START Task input
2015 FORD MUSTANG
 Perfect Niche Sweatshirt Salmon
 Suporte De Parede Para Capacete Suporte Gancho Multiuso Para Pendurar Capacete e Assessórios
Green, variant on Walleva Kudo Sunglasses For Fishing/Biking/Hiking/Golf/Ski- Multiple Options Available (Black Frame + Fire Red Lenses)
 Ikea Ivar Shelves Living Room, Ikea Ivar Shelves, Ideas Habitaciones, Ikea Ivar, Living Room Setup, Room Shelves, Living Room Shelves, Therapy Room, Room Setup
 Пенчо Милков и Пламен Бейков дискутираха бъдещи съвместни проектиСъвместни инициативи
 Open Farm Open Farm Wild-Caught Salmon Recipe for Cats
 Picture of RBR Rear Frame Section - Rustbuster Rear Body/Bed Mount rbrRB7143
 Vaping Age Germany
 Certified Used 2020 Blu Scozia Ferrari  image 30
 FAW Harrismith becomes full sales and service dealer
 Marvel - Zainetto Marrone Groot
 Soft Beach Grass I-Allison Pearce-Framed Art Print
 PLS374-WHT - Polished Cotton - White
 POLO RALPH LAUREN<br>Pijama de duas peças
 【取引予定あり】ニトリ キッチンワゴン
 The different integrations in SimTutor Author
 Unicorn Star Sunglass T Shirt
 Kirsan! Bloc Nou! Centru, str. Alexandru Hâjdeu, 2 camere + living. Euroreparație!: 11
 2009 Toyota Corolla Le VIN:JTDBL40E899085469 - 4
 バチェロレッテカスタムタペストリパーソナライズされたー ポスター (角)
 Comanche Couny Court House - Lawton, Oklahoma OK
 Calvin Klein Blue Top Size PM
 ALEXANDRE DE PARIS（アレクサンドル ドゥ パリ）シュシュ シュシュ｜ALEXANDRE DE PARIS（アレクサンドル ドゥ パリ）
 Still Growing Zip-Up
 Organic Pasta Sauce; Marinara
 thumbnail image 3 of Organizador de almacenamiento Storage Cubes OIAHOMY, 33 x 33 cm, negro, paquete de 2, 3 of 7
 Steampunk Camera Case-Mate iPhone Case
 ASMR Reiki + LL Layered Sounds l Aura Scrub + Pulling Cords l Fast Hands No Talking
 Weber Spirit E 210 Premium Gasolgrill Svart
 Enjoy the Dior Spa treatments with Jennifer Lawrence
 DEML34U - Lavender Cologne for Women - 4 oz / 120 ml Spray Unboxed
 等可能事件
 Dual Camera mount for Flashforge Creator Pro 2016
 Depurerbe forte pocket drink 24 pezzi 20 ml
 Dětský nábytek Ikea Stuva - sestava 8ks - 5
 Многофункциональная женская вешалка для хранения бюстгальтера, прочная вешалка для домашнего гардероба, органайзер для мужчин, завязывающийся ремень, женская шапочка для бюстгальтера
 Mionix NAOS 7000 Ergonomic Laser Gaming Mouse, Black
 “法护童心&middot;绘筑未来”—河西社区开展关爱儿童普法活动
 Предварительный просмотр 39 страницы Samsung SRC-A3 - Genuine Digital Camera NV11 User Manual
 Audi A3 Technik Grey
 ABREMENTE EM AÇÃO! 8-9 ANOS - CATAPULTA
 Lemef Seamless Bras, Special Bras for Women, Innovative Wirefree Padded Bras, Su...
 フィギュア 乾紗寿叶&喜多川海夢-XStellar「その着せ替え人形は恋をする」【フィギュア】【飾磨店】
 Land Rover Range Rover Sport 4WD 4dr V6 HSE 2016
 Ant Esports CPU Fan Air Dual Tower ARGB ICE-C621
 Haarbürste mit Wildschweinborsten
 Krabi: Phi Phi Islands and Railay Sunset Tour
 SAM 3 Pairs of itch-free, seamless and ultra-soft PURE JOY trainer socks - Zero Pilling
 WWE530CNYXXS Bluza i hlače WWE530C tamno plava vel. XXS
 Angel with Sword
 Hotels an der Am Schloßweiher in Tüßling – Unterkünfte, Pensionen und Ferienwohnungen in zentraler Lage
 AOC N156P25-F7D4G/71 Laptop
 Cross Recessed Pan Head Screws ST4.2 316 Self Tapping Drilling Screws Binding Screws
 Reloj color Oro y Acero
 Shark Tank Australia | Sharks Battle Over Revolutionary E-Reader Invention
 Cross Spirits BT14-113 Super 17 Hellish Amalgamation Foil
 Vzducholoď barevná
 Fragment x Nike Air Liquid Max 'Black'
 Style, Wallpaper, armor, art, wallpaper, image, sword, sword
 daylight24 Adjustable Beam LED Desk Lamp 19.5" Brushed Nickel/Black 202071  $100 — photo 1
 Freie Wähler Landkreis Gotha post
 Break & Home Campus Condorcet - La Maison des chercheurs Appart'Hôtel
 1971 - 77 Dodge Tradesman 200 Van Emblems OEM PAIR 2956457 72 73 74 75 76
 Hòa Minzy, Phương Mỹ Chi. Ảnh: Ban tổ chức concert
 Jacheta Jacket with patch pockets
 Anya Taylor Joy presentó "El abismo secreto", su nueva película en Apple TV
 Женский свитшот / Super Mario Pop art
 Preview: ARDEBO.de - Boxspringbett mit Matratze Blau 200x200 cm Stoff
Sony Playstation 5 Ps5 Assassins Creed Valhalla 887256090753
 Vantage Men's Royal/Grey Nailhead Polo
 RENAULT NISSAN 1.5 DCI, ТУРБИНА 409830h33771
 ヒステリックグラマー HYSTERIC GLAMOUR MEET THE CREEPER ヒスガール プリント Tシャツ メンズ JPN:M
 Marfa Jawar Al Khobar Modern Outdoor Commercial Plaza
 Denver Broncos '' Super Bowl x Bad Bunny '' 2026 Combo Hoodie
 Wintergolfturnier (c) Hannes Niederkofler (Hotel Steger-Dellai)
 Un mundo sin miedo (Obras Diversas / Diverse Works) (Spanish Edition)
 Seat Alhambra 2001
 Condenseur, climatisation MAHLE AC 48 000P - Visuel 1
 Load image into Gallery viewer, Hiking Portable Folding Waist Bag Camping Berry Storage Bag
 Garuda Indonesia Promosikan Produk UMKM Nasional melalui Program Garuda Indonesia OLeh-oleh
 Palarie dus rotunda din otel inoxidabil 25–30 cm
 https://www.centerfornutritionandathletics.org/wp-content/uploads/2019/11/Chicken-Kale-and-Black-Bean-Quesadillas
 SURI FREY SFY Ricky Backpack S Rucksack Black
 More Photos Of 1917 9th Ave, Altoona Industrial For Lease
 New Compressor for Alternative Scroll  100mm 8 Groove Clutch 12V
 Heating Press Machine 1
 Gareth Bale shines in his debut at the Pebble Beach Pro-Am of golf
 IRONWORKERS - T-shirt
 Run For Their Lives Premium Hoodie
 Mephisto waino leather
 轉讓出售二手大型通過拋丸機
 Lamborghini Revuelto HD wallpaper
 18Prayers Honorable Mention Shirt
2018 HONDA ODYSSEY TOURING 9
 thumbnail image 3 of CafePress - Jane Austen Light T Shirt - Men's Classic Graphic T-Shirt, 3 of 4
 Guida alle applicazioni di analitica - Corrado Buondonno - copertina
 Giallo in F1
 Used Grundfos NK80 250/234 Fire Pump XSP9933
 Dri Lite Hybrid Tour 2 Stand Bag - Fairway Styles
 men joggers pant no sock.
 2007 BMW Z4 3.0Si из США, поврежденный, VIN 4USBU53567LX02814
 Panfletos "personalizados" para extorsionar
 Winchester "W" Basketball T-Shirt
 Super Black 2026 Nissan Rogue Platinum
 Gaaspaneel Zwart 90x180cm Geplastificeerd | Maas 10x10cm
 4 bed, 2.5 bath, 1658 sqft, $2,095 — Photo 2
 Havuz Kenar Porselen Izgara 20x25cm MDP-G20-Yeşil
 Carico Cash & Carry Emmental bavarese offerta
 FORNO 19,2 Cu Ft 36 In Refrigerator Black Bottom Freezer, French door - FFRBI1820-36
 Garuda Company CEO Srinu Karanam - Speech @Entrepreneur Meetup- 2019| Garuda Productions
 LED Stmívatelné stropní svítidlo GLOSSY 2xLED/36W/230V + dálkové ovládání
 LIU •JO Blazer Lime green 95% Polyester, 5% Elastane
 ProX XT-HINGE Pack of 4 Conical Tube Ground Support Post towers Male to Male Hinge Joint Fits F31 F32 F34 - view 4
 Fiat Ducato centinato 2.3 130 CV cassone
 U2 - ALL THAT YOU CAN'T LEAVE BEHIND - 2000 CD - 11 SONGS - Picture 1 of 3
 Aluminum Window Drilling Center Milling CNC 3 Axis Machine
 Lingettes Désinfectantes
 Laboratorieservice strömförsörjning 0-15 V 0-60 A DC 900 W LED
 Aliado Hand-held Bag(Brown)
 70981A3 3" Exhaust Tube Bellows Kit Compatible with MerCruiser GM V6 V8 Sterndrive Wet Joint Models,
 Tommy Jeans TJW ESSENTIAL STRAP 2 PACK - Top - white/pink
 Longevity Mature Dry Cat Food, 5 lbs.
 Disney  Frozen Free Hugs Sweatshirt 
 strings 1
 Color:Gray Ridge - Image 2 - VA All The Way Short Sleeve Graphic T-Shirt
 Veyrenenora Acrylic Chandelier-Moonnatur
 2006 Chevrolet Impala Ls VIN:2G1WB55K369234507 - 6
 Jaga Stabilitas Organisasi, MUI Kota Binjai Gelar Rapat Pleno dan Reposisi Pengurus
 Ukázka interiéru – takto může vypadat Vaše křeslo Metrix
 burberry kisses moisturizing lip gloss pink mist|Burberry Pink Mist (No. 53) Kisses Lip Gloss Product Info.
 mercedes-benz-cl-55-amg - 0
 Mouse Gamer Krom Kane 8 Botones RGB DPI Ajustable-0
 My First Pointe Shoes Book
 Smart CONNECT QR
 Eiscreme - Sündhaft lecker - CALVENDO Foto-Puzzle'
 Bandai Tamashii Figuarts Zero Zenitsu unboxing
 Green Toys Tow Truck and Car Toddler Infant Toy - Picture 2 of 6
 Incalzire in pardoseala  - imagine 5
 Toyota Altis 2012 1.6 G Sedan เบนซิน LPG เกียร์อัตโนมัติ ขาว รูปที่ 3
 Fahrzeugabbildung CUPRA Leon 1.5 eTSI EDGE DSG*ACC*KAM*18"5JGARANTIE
END Task input
Exercise goal: Return word for word the lines above from the line with "Heating Press Machine 1" to the line with "Ukázka interiéru –", including both and leaving out all others.

Solved exercise:
 Heating Press Machine 1
 Gareth Bale shines in his debut at the Pebble Beach Pro-Am of golf
 IRONWORKERS - T-shirt
 Run For Their Lives Premium Hoodie
 Mephisto waino leather
 轉讓出售二手大型通過拋丸機
 Lamborghini Revuelto HD wallpaper
 18Prayers Honorable Mention Shirt
2018 HONDA ODYSSEY TOURING 9
 thumbnail image 3 of CafePress - Jane Austen Light T Shirt - Men's Classic Graphic T-Shirt, 3 of 4
 Guida alle applicazioni di analitica - Corrado Buondonno - copertina
 Giallo in F1
 Used Grundfos NK80 250/234 Fire Pump XSP9933
 Dri Lite Hybrid Tour 2 Stand Bag - Fairway Styles
 men joggers pant no sock.
 2007 BMW Z4 3.0Si из США, поврежденный, VIN 4USBU53567LX02814
 Panfletos "personalizados" para extorsionar
 Winchester "W" Basketball T-Shirt
 Super Black 2026 Nissan Rogue Platinum
 Gaaspaneel Zwart 90x180cm Geplastificeerd | Maas 10x10cm
 4 bed, 2.5 bath, 1658 sqft, $2,095 — Photo 2
 Havuz Kenar Porselen Izgara 20x25cm MDP-G20-Yeşil
 Carico Cash & Carry Emmental bavarese offerta
 FORNO 19,2 Cu Ft 36 In Refrigerator Black Bottom Freezer, French door - FFRBI1820-36
 Garuda Company CEO Srinu Karanam - Speech @Entrepreneur Meetup- 2019| Garuda Productions
 LED Stmívatelné stropní svítidlo GLOSSY 2xLED/36W/230V + dálkové ovládání
 LIU •JO Blazer Lime green 95% Polyester, 5% Elastane
 ProX XT-HINGE Pack of 4 Conical Tube Ground Support Post towers Male to Male Hinge Joint Fits F31 F32 F34 - view 4
 Fiat Ducato centinato 2.3 130 CV cassone
 U2 - ALL THAT YOU CAN'T LEAVE BEHIND - 2000 CD - 11 SONGS - Picture 1 of 3
 Aluminum Window Drilling Center Milling CNC 3 Axis Machine
 Lingettes Désinfectantes
 Laboratorieservice strömförsörjning 0-15 V 0-60 A DC 900 W LED
 Aliado Hand-held Bag(Brown)
 70981A3 3" Exhaust Tube Bellows Kit Compatible with MerCruiser GM V6 V8 Sterndrive Wet Joint Models,
 Tommy Jeans TJW ESSENTIAL STRAP 2 PACK - Top - white/pink
 Longevity Mature Dry Cat Food, 5 lbs.
 Disney  Frozen Free Hugs Sweatshirt 
 strings 1
 Color:Gray Ridge - Image 2 - VA All The Way Short Sleeve Graphic T-Shirt
 Veyrenenora Acrylic Chandelier-Moonnatur
 2006 Chevrolet Impala Ls VIN:2G1WB55K369234507 - 6
 Jaga Stabilitas Organisasi, MUI Kota Binjai Gelar Rapat Pleno dan Reposisi Pengurus
 Ukázka interiéru – takto může vypadat Vaše křeslo Metrix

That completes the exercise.